Мы остановились на данном вопросе не столько для того, чтобы показать сложности криминализации, но лишь потому, что правоприменитель, действуя в рамках закона (особенно в демократическом государстве или хотя бы претендующем на таковое), должен видеть социальную сущность того или иного «преступления», его властью заказанный характер, а не только само действие или бездействие, оформленное в законе, и в пределах для себя безопасных уменьшать груз социального давления за такие преступления с пониманием того, что данная преступность (все эти «сухие» законы, законы о запрещении спекуляции, занятии частнопредпринимательской деятельностью и т. п.) с необходимостью исчезнет. А подобное невозможно без четкого представления об обобщенном понимании преступления и в итоге – без определения преступления. Совершенно верным в связи с этим представляется мнение М. И. Ковалева: «Однако в отличие от “слепого исполнителя”, каким представляется солдат в некоторых уставах, юрист обязан вдумываться в содержание закона, а ученый-юрист не может восторгаться законом, не анализируя критически правоотношения, которые он регулирует, и то, как он это делает».[333] Собственно, об этом писал еще С. В. Познышев: «Отношение науки к законодательству – критическое. Она не может ограничиться отвлечением от положительного права общих понятий. Она пользуется положительным правом лишь как материалом, который свободно ею оценивается и проверяется».[334]
Тот же самый К. В. Шавров, высказывая сомнения в возможности дать определение преступления, в конце концов говорит: «Одно несомненно с социальной точки зрения: оно (преступление. – А. К.) есть или вредное по существу деяние для общества или индивидуума или считающееся вредным по общему убеждению», если таковые признаны законодателем,[335] определяя тем самым преступление.
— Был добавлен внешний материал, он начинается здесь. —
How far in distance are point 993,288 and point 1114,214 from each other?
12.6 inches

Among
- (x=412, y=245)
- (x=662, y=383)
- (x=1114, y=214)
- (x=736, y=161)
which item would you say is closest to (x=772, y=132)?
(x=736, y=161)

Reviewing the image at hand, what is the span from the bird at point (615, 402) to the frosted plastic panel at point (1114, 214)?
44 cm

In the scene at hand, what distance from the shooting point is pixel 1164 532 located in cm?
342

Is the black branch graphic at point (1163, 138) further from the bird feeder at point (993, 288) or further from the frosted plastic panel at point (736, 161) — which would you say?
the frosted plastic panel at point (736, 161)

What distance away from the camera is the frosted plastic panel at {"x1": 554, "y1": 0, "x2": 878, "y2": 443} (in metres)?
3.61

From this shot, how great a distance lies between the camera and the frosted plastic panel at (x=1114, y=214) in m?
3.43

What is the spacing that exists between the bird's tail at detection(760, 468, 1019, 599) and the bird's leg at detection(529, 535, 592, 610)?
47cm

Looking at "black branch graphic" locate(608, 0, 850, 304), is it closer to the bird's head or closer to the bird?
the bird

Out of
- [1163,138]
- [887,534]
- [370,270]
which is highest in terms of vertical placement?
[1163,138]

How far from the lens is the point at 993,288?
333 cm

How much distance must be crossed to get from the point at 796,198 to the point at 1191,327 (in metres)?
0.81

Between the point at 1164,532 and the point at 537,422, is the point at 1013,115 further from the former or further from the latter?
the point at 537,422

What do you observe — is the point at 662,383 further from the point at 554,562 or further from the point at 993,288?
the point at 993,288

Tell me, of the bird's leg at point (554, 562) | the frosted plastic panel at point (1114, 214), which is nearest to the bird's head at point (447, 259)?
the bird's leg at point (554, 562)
Здесь мы наблюдаем, что, по-видимому, неожиданно для себя (следует помнить, что автор считал невозможным дать определение преступления) он приближается к истинному определению преступления, базирующемуся на признаках, – вредоносность деяния для общества, т. е. предлагает определение, не соответствующее указанному в российском законодательстве XIX – начала XX в.
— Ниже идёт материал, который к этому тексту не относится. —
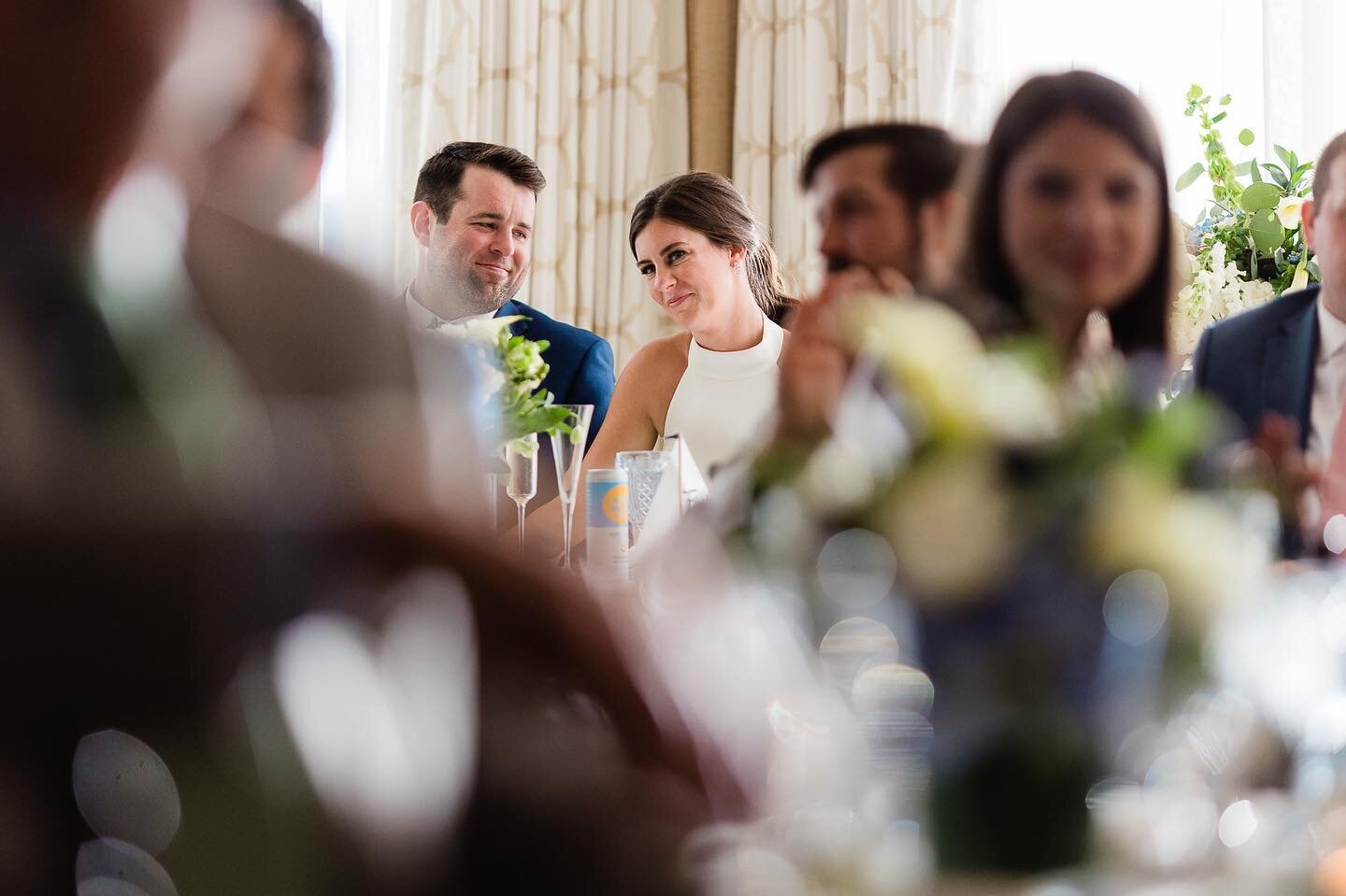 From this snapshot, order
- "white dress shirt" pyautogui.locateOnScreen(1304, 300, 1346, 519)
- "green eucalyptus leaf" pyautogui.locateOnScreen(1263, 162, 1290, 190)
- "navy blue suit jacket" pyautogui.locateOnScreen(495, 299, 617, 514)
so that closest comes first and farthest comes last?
"white dress shirt" pyautogui.locateOnScreen(1304, 300, 1346, 519) < "green eucalyptus leaf" pyautogui.locateOnScreen(1263, 162, 1290, 190) < "navy blue suit jacket" pyautogui.locateOnScreen(495, 299, 617, 514)

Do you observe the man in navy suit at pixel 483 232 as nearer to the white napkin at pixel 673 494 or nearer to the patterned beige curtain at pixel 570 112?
the patterned beige curtain at pixel 570 112

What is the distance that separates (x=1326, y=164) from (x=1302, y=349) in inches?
6.1

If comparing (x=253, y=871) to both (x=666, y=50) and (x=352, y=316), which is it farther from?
(x=666, y=50)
Ведь и Уголовное Уложение 1903 г. в какой-то степени закрепляет определение преступления, предлагаемое Уложением о наказаниях, и в ст. 1 признает преступлением «деяние, воспрещенное, во время его учинения, законом под страхом наказания». Комментируя данную норму, Н. С. Таганцев утверждает, что, во-первых, Уложение говорит о запрещенности законом вообще, а не только уголовным законом, поскольку уголовно-правовая запрещенность содержится и в других отраслях права, во-вторых, ««деяние» обнимает собою не только непосредственное проявление воли преступника, его действие, но и последствия, поскольку они требуются для законного состава преступления…»[336] Однако в это же время было высказано и несколько иное представление о структуре «деяния»: «В учение о преступном деянии входят следующие разделы: 1) о формах виновности… 2) о необходимой объективной связи между действием и результатом, 3) о бездействии, 4) о покушении, 5) о соучастии».[337] Тем самым Колоколов расширяет содержание «деяния» за счет вины, да и включение соучастия в деяние не столь уж и очевидно, по крайней мере, без рассмотрения «деяния» на двух уровнях.
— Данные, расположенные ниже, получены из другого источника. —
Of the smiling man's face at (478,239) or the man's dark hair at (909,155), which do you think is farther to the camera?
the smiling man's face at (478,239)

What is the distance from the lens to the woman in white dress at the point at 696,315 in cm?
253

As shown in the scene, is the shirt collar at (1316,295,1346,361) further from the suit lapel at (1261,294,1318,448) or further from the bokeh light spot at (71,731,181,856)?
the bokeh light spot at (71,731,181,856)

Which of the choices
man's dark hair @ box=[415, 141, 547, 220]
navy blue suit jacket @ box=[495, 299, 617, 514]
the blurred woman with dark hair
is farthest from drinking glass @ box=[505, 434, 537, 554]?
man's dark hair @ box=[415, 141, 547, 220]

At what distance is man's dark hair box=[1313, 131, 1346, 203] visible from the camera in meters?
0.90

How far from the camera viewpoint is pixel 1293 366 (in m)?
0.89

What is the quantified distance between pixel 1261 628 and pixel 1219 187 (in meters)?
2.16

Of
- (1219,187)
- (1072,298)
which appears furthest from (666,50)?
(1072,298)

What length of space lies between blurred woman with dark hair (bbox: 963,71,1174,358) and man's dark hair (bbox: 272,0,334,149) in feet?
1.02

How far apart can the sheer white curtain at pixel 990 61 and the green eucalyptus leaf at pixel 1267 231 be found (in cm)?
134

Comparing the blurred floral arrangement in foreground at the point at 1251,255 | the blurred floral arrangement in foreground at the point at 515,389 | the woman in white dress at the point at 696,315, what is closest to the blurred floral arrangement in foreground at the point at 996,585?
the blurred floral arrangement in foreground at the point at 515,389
Таким образом, в уголовном праве России конца XIX – начала XX в. определение преступления столкнулось с трудностями установления структуры и социальной сущности данного явления, структуры деяния и места иных объективно-субъективных элементов (способа действия или бездействия, влияния места или времени совершения преступления, виновности, мотивационной сферы) в структуре преступления.
Советское уголовное право восприняло некоторые положения социологической теории и социальную сущность преступления определило через социальную вредность, общественную опасность, которые становятся одними из определяющих признаков преступления. По существу, общественная опасность в ее государственной оценке столь же странная категория, поскольку государство свою политическую суть и политические устремления скрывает за общественными интересами, отождествляя тем самым государство и общество, что противоречит истине (история развития советского государства это неопровержимо доказала), сколь и всеобщая, так как во всех государствах с той или иной долей условности происходит одно и то же – отождествление интересов государства с интересами общества и выступление государства от имени общества. Именно поэтому признак общественной опасности характеризует преступление во всех странах мира.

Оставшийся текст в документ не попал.